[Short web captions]
....................

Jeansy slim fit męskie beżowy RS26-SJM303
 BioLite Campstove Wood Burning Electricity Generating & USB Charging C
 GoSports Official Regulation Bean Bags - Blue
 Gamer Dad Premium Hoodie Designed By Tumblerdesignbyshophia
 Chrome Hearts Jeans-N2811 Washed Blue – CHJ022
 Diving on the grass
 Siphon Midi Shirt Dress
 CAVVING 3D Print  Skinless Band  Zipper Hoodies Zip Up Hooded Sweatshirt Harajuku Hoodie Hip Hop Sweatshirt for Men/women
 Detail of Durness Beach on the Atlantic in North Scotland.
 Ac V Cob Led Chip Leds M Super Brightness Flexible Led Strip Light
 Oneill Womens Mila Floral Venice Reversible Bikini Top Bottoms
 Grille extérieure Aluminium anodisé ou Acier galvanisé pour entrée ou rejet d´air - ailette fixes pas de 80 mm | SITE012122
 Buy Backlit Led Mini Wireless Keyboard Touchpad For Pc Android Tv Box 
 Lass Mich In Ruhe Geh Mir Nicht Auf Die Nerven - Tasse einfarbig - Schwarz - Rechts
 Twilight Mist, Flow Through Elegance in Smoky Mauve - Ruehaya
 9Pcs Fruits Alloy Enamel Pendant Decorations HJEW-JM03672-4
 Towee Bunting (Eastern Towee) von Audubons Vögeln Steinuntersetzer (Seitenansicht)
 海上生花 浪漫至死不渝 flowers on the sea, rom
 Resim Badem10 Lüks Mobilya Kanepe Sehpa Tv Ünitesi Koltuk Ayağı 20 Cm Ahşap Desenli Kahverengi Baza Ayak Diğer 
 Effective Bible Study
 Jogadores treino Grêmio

....................

- AIM OF THE EXERCISE: Restate each entry exactly, skipping none.

- WRITTEN SOLUTION:
Jeansy slim fit męskie beżowy RS26-SJM303
 BioLite Campstove Wood Burning Electricity Generating & USB Charging C
 GoSports Official Regulation Bean Bags - Blue
 Gamer Dad Premium Hoodie Designed By Tumblerdesignbyshophia
 Chrome Hearts Jeans-N2811 Washed Blue – CHJ022
 Diving on the grass
 Siphon Midi Shirt Dress
 CAVVING 3D Print  Skinless Band  Zipper Hoodies Zip Up Hooded Sweatshirt Harajuku Hoodie Hip Hop Sweatshirt for Men/women
 Detail of Durness Beach on the Atlantic in North Scotland.
 Ac V Cob Led Chip Leds M Super Brightness Flexible Led Strip Light
 Oneill Womens Mila Floral Venice Reversible Bikini Top Bottoms
 Grille extérieure Aluminium anodisé ou Acier galvanisé pour entrée ou rejet d´air - ailette fixes pas de 80 mm | SITE012122
 Buy Backlit Led Mini Wireless Keyboard Touchpad For Pc Android Tv Box 
 Lass Mich In Ruhe Geh Mir Nicht Auf Die Nerven - Tasse einfarbig - Schwarz - Rechts
 Twilight Mist, Flow Through Elegance in Smoky Mauve - Ruehaya
 9Pcs Fruits Alloy Enamel Pendant Decorations HJEW-JM03672-4
 Towee Bunting (Eastern Towee) von Audubons Vögeln Steinuntersetzer (Seitenansicht)
 海上生花 浪漫至死不渝 flowers on the sea, rom
 Resim Badem10 Lüks Mobilya Kanepe Sehpa Tv Ünitesi Koltuk Ayağı 20 Cm Ahşap Desenli Kahverengi Baza Ayak Diğer 
 Effective Bible Study
 Jogadores treino Grêmio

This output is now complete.